Unbound Local Error:

>>> def f():
...     x = 5
...     def g():
...         x += 1 # UnboundLocalError: cannot modify variable X outside current frame
...         print(x)
...     return g
...
>>> h = f()
>>> h()
Traceback (most recent call last):
  File "<stdin>", line 1, in <module>
  File "<stdin>", line 4, in g
UnboundLocalError: local variable 'x' referenced before assignment

No Error:

>>> def f():
...     x = 5
...     def g():
...         i = x # No Error: accesses value X from parent frame, binds it to I in the current frame
...         i += 1
...         print(i)
...     return g
...
>>> h = f()
>>> h()
6

def funception(func1, begin):
    """ Takes in a function (func1) and a begin value.
    Returns a function (func2) that will find the product of
    func1 applied to the range of numbers from
    begin (inclusive) to end (exclusive)

    >>> def increment(num):
    ...     return num + 1
    >>> def double(num):
    ...     return num * 2
    >>> g1 = funception(increment, 0)
    >>> g1(3)    # increment(0) * increment(1) * increment(2) = 1 * 2 * 3 = 6
    6
    >>> g1(0)    # Returns 1 because begin >= end
    1
    >>> g1(-1)   # Returns 1 because begin >= end
    1
    >>> g2 = funception(double, 1)
    >>> g2(3)    # double(1) * double(2) = 2 * 4 = 8
    8
    >>> g2(4)    # double(1) * double(2) * double(3) = 2 * 4 * 6 = 48
    48
    >>> g3 = funception(increment, -3)
    >>> g3(-1)   # increment(-3) * increment(-2) = -2 * -1 = 2
    2
    """
    def func2(end):
        i = begin
        product = 1
        while i < end:
            product *= func1(i)
            i += 1
        return product
    return func2

Use Ok to test your code:

python3 ok -q funception

Q3: Make Repeater

Implement the function make_repeater which takes a one-argument function f and a positive integer n. It returns a one-argument function so that make_repeater(f, n)(x) returns the value of f(f(...f(x)...)), in which f is applied n times to x. For example, make_repeater(square, 3)(5) squares 5 three times and returns 390625, just like square(square(square(5))).

def make_repeater(f, n):
    """Returns the function that computes the nth application of f.

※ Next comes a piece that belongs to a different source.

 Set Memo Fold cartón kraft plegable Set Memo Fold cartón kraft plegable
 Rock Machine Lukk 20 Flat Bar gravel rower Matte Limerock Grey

    >>> add_three = make_repeater(increment, 3)
    >>> add_three(5)
    8
    >>> make_repeater(triple, 5)(1) # 3 * (3 * (3 * (3 * (3 * 1))))
    243
    >>> make_repeater(square, 2)(5) # square(square(5))
    625
    >>> make_repeater(square, 3)(5) # square(square(square(5)))
    390625
    """
    def repeater(x):
        k = 0
        while k < n:
            x, k = f(x), k + 1
        return x
    return repeater

Use Ok to test your code:

python3 ok -q make_repeater

There are many correct ways to implement make_repeater. This solution repeatedly applies h.

Check Your Score Locally

You can locally check your score on each question of this assignment by running

python3 ok --score

This does NOT submit the assignment! When you are satisfied with your score, submit the assignment to Gradescope to receive credit for it.

Submit Assignment

Submit this assignment by uploading any files you've edited to the appropriate Gradescope assignment. Lab 00 has detailed instructions.